I liked this one. It's not perfect, but I really liked it anyways.

I love your style of writing. It is an "in your face, what you see is what you get" style. It's so simple and yet it's so effective.

The story is a good, creepy little jealousy script. And Iliked the end. It was menacing.

I think the biggest problem for this script is the dialog. It's very hammy.

There were also a few spelling errors through out, but those don't really bother me.

There are a couple of times where you called Jake, Jack.

Overall, I liked it alot.
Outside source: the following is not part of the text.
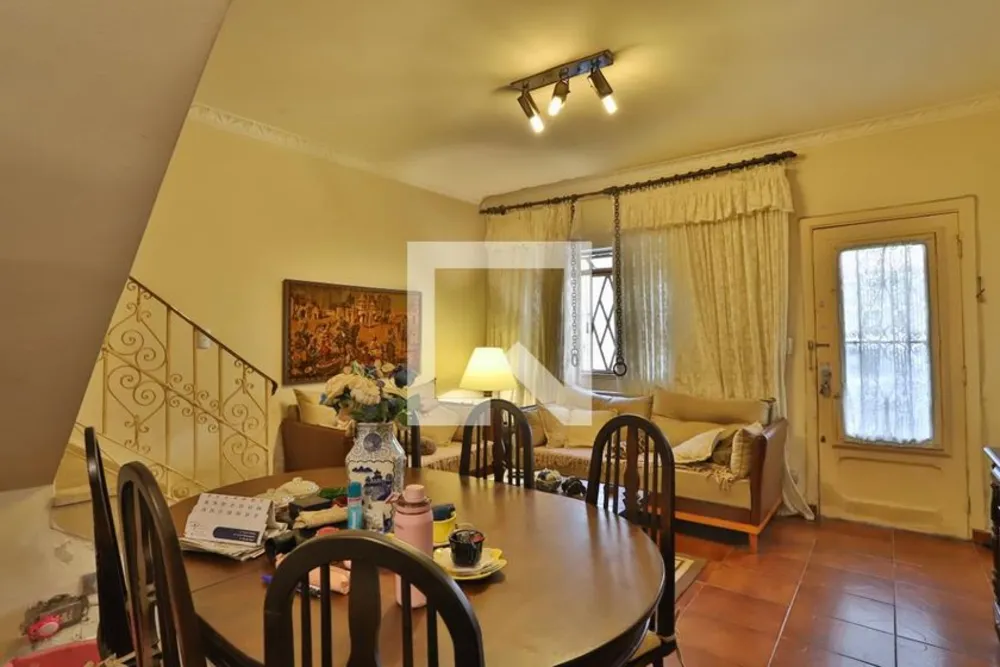 Casa, 3 quartos, 105 m² - Foto 1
Just fix the dialog and make it more real. 8/10

~Zack~
Posted by: mgj, March 9th, 2008, 6:33pm; Reply: 2
Hey Gabe,

This sort of plays out like a dark teenage fairytale in a way.  It was a little hard to follow, especially with all the jumping around you did and shifting of locations but I think I got the gyst of it.  One suggestion - I assume the VO's are meant to imply that Emma and James are speaking on the phone.  If that's the case you might want to indicate this in the description.

As well, Tom and James appear to be friends.  In fact Tom seems to have some sort of hold over him, almost a Leopold and Loeb sort of bond.  You might want to explore this a bit more.  I know this is a short so it's never easy to flesh out all of your characters completely but I think this relationship needs a little more developing.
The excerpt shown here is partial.